Records from a data source
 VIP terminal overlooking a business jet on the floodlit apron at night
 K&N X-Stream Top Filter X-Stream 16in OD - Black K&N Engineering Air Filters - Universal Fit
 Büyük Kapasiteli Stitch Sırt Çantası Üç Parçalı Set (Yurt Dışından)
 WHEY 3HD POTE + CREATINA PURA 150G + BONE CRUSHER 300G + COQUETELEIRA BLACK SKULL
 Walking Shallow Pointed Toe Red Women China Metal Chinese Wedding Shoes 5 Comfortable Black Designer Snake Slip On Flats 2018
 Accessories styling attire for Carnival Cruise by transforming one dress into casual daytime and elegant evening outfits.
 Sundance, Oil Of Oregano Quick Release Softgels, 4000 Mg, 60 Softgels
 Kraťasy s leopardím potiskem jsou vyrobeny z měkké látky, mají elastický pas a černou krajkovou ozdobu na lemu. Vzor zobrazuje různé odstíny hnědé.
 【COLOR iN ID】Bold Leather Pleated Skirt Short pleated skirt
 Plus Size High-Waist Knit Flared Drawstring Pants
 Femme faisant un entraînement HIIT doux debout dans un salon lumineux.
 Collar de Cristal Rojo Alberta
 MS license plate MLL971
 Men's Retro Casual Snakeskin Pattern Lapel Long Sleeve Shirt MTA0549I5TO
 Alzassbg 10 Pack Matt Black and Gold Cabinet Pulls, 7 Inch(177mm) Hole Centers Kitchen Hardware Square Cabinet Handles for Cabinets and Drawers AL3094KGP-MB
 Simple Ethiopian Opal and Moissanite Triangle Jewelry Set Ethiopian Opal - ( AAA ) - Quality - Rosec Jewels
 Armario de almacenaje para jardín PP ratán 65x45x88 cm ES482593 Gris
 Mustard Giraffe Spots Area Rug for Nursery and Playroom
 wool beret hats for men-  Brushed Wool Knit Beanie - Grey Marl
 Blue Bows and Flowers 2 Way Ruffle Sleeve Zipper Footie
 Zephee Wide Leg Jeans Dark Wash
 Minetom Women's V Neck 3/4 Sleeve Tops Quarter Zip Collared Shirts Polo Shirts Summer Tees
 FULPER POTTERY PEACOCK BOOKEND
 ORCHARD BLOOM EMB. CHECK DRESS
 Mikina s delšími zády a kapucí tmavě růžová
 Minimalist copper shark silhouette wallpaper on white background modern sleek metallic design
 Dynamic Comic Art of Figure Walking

## Task to complete
Transcribe only, please, the lines from the first line of the records through the line with "Mustard Giraffe Spots". Both of those lines are included.

## Written response
 VIP terminal overlooking a business jet on the floodlit apron at night
 K&N X-Stream Top Filter X-Stream 16in OD - Black K&N Engineering Air Filters - Universal Fit
 Büyük Kapasiteli Stitch Sırt Çantası Üç Parçalı Set (Yurt Dışından)
 WHEY 3HD POTE + CREATINA PURA 150G + BONE CRUSHER 300G + COQUETELEIRA BLACK SKULL
 Walking Shallow Pointed Toe Red Women China Metal Chinese Wedding Shoes 5 Comfortable Black Designer Snake Slip On Flats 2018
 Accessories styling attire for Carnival Cruise by transforming one dress into casual daytime and elegant evening outfits.
 Sundance, Oil Of Oregano Quick Release Softgels, 4000 Mg, 60 Softgels
 Kraťasy s leopardím potiskem jsou vyrobeny z měkké látky, mají elastický pas a černou krajkovou ozdobu na lemu. Vzor zobrazuje různé odstíny hnědé.
 【COLOR iN ID】Bold Leather Pleated Skirt Short pleated skirt
 Plus Size High-Waist Knit Flared Drawstring Pants
 Femme faisant un entraînement HIIT doux debout dans un salon lumineux.
 Collar de Cristal Rojo Alberta
 MS license plate MLL971
 Men's Retro Casual Snakeskin Pattern Lapel Long Sleeve Shirt MTA0549I5TO
 Alzassbg 10 Pack Matt Black and Gold Cabinet Pulls, 7 Inch(177mm) Hole Centers Kitchen Hardware Square Cabinet Handles for Cabinets and Drawers AL3094KGP-MB
 Simple Ethiopian Opal and Moissanite Triangle Jewelry Set Ethiopian Opal - ( AAA ) - Quality - Rosec Jewels
 Armario de almacenaje para jardín PP ratán 65x45x88 cm ES482593 Gris
 Mustard Giraffe Spots Area Rug for Nursery and Playroom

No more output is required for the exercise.